De procedure tegen Ansary is intussen ook betekend bij het Amerikaanse gerecht in New York. Dat blijkt uit de ‘filing’ door de Amerikaanse advocaten Davis Polk & Wardwell bij de US Bankruptcy Court Southern District of New York. Dit is een openbaar document.
De indieners - de diverse entiteiten van Ennia Caribe - willen vaststelling van aansprakelijkheid. Het hoofddoel is echter om van Ansary en alle gedagvaarden herstel van de door Ennia geleden schade af te dwingen en het solvabiliteitstekort - dat ten tijde van het uitspreken van de noodregeling medio 2018 tenminste 700 miljoen gulden bedroeg - weg te werken.
Zo leest het Antilliaans Dagblad in de ‘Notice’. De gedagvaarden hebben zich volgens de eisers schuldig gemaakt aan mismanagement doordat ze tekortschoten bij de uitoefening van hun taken binnen het bestuur van Ennia Groep. Specifiek wordt gesteld dat substantiële sommen geld Ennia uitvloeiden en dat de verzekeraar niet aan transacties (terug)kreeg waar het recht op had.

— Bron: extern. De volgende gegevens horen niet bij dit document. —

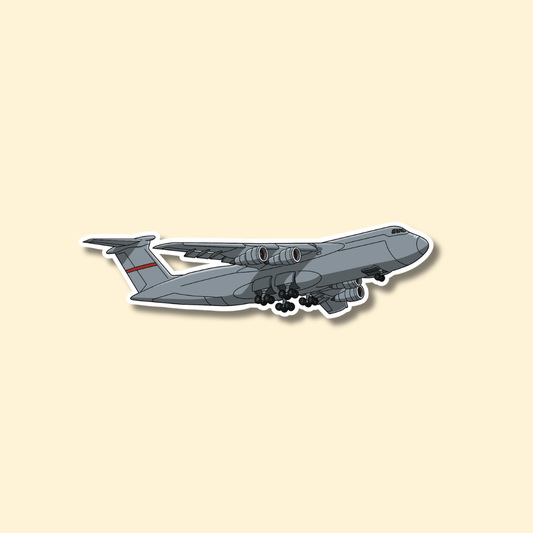 C-5 Galaxy Military Sticker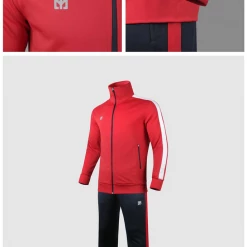 Best Martial Arts / MOOTO USA MOOTO Evan Training Suit (Red/Navy) Apparel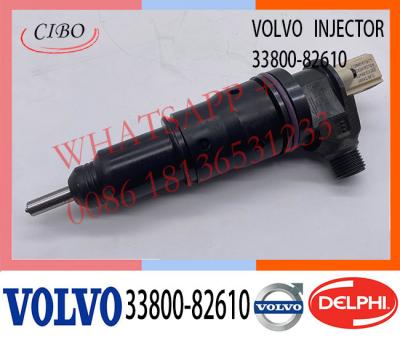 China 33800-82610 BEBJ1F07001 Diesel Engine Fuel Injector Common Rail For Hyundai H Engine 12.3 for sale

,,Ansary treft een persoonlijk ernstig verwijt, aangezien hij zijn enorme invloed binnen Ennia heeft aangewend met als doel het vermogen van Ennia te onttrekken ten behoeve van hemzelf en de zijnen.”
Sommige van de overige gedagvaarde ex-bestuurders ontvingen ‘excessief’ hoge uitkeringen, kostenvergoedingen en bonusbetalingen, vervolgt het document. En een aantal van hen wordt ook belangenverstrengeling als bestuurders en/of aandeelhouders verweten.

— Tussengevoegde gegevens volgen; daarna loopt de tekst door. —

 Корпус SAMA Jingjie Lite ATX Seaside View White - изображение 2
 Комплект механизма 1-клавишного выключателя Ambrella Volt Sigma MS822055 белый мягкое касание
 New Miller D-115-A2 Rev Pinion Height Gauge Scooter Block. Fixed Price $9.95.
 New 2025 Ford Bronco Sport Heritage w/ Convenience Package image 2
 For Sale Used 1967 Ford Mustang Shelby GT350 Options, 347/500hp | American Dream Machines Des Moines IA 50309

Eén en ander is gebleken na een grondig onderzoek naar onder meer de handel en wandel van het voormalige management van Ennia Groep, dat werd uitgevoerd na de verkregen noodregeling, alsook forensisch onderzoek naar financiële transacties.
Nadat het verzoekschrift op 11 oktober 2019 was ingediend, heeft het Gerecht in eerste aanleg op Curaçao op 17 december laten weten van start te gaan met de rechtszaak. Enige tijd daarna werd het US Court in New York geïnformeerd met het volledig in het Engels vertaalde verzoekschrift.
De Centrale Bank CBCS in Willemstad, die sinds de noodregeling het beheer over Ennia voert, wil boven alles zo snel mogelijk het solvabiliteitstekort bij de entiteiten van de verzekeringsmaatschappij opheffen. Daarvoor is bijstorting (lees: terugbetaling) nodig.
Tot nu toe echter weigerde Ansary, ondanks tientallen gesprekken en onderhandelingspogingen, mee te werken en over te maken wat er aan Ennia is onttrokken. Uit diverse bronnen verneemt deze krant dat de afgelopen weken opnieuw tweemaal overleg is gevoerd tussen de CBCS-top en Ansary.